From the research I’ve done so far, it seems to me that for women, at least, fashion has dictated what they wear when they play sports at much as practicality. And a lot of the time, it wasn’t by choice. Which is just a huge sexist pain in the butt. Just wait until you read about women in tennis! A hundred years ago, they had to play in corsets and floor-length skirts! What’s that about? Luckily, the sports I’ve chosen to engage in in my life haven’t restricted me in terms of uniform just because I happen to be female.
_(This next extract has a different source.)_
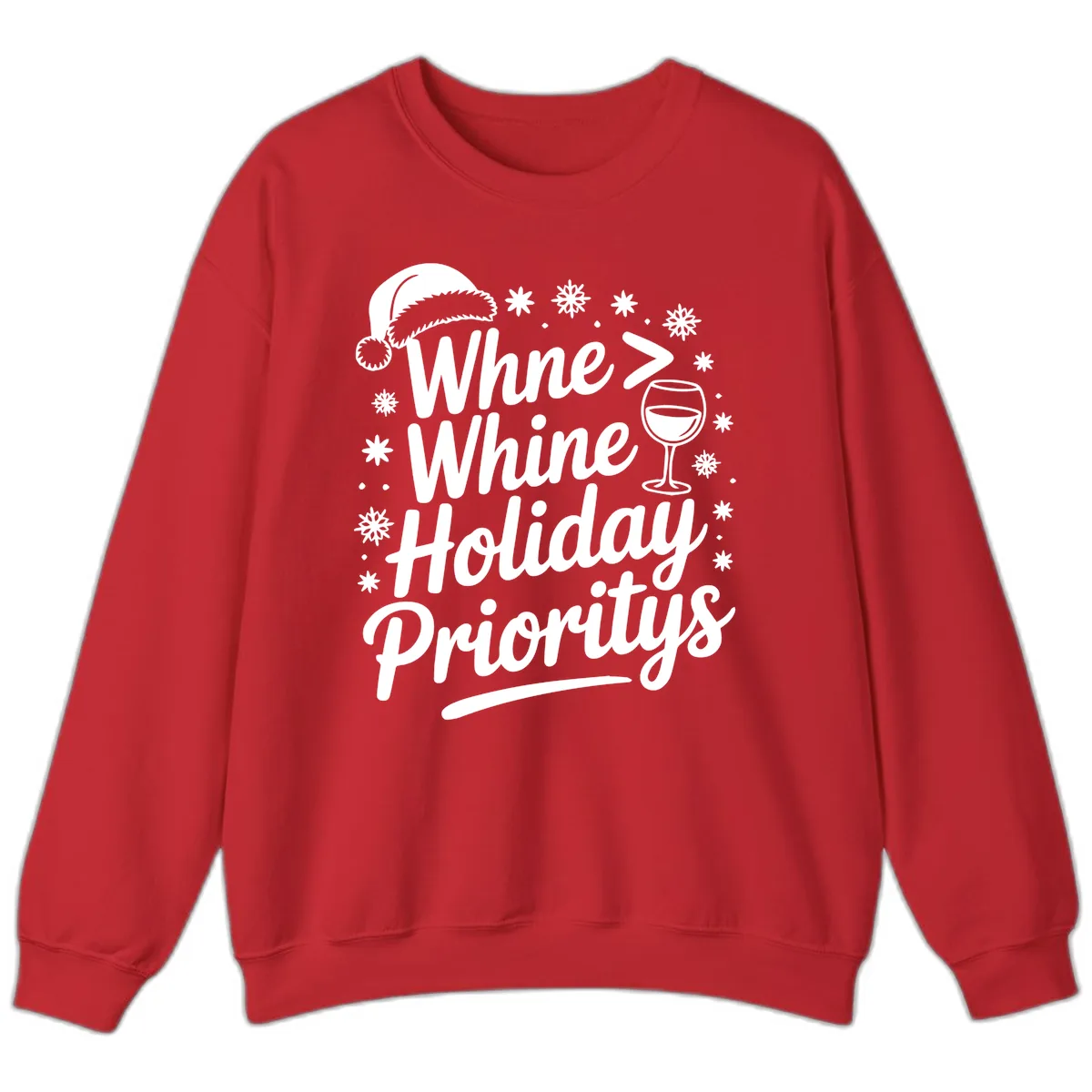 Wine Over Whine Holiday Priorities Sweatshirt in Red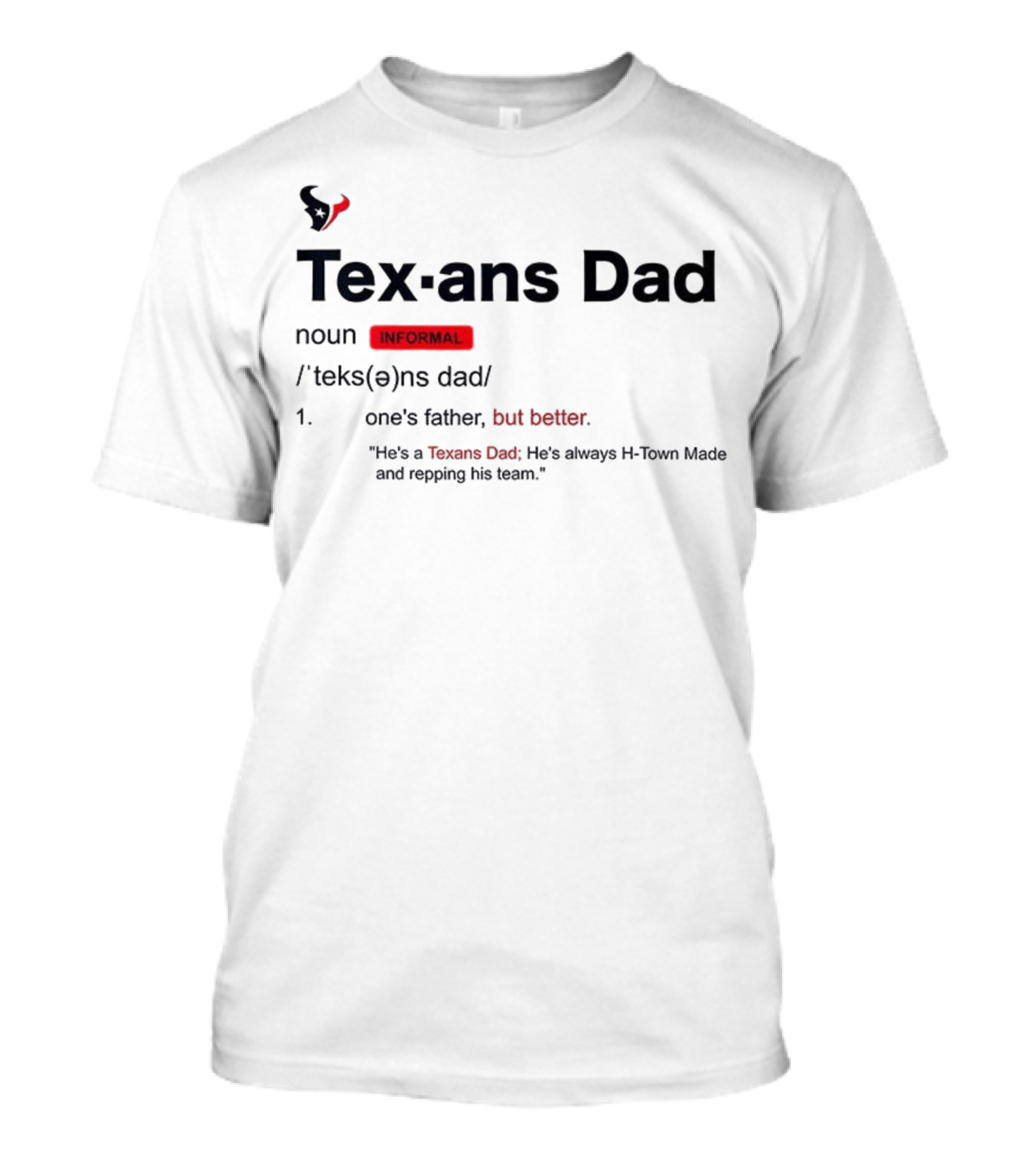 Texans Dad One's Father But Better H-Town Made Repping His Team T-Shirt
There have been differences, of course, between things I’ve work and things my male counterparts have worn, and all have been for the benefit of the wearer, and not for some ridiculous fashionable reason. Most of these things have been based on protection. For example, in fencing, women are required to wear breast plates (for which I am very thankful), whereas men are not. Men were permitted to wear them, but I don’t think a single one of them did, for fear that it would make them look weak. Which is kinda sad. And a good example about how sexism hurts everyone! And their chests! None of the guys I know wore athletic cups, either, which was just so stupid. Some of them said they didn’t need them, others said they were uncomfortable. Either way. Stupid.
Cups and breast plates are the kinds of uniform parts that I totally understand have to be different for women and men. Shorts vs skirts, on the other hand … not so much. If women want to wear tennis skirts, that’s totally cool. I think they’re adorable. But if they want to wear shorts, I think they should do that, and that they shouldn’t get shade thrown at them for it. Because what the heck. I do respect tradition, but as long as tradition treats men and women equally, like Wimbledon’s requirement that all the competitors wear white. But if you’re going to follow tradition, just make sure it’s fair to both genders, you know? And that goes both ways! Just so happens that it’s usually women’s fashion that’s more … constricting.
So although this intro became a whole lot about women’s sports fashion vs men’s sports fashion, that’s not what this blog is all about, promise! I just explore the most interesting changes in sports fashion, and whether they happen to affect women, men, or both is incidental!